Wednesday, January 26, 2011

GreenBkk.com Tech | Demand Media shares soar 40% in IPO

Demand Media shares soar 40% in IPO

By Julianne Pepitone, staff reporter

NEW YORK (CNNMoney) -- Shares of online content creator Demand Media rose 40% in the first minutes of trading Wednesday as the company made its public debut, raising $66.5 million in an IPO that valued the company at more than $1 billion.

The offering included 8.9 million shares, with Demand selling 4.5 million shares at $17 per share. Existing shareholders sold another 4.4 million shares -- a last-minute boost over the 3 million shares they intended to sell. Demand Media also raised the offering price beyond the anticipated $14 to $16 range.

Demand said it expects to raise around $67 million from the sale, after deducting its expenses for the IPO. The company plans to use the proceeds for content investments, working capital and international expansion.

The company trades under the New York Stock Exchange under the ticker symbol DMD (DMD). Shares were at $23.35 about 10 minutes into trading, after touching a high of $25.

Demand hires a stable of freelancers -- 13,000 are currently active -- to create content at rock-bottom rates, typically $15 for an article of several hundred words or $30 for a video.

Demand then sells ads around the content. Most of the articles appear on network of sites Demand owns, including eHow. Some traditional media companies, such as USAToday.com and the San Francisco Chronicle, also have licensed the content.

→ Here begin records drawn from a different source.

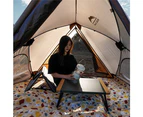 Sunshade Sunscreen Mosquito-Prevention Outdoor Camping Tent Garden Lawn Beach Kids Picnic Tent Portable Automatic Quick-Opening Tent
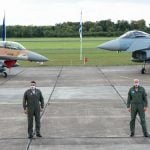 Israeli fighter pilots train in Germany in symbolic first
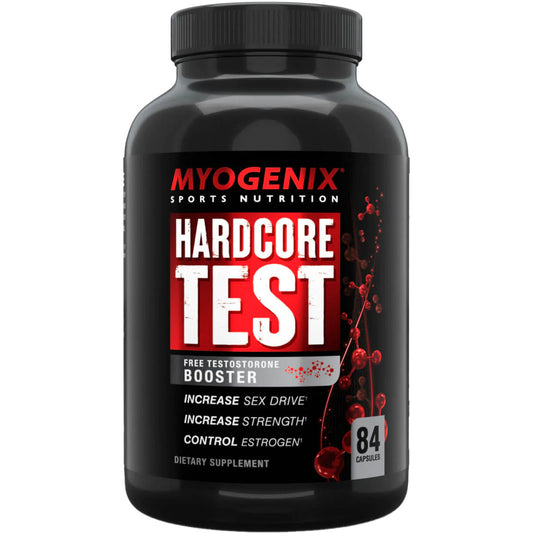 Myogenix Hardcore Test 84 Capsules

The articles are meant to appear high in search engine results -- but Google (GOOG, Fortune 500) has publicly said it's changing its algorithm to improve search results.

"We hear the feedback from the Web loud and clear: people are asking for even stronger action on content farms and sites that consist primarily of spammy or low-quality content," the company said in a blog post last week.

About half of the company's revenue comes from its Internet registry business, where it manages 10 million domain names. Demand has also experimented with online publishing and social media tools.

Tech IPO market finally starts to thaw

For years executives at Demand had said publicly that the company is profitable. But in its IPO filing in August, Demand disclosed that it was more than $6 million in the red for 2010 so far. It posted a net loss of $22 million in 2009 and millions more the previous two years.

The company has also faced criticism of its unorthodox accounting methods. Demand doesn't expense the cost of paying its writers upfront, as content companies typically do. Instead, it spreads those costs over five years, which boosts its bottom line.

Demand's rationale is that the writers' content will generate revenue for the company revenue for multiple years, so it shouldn't have to recognize the costs upfront. It estimates the "average useful life" -- meaning the amount of time it will make money -- of its content to be 5.4 years.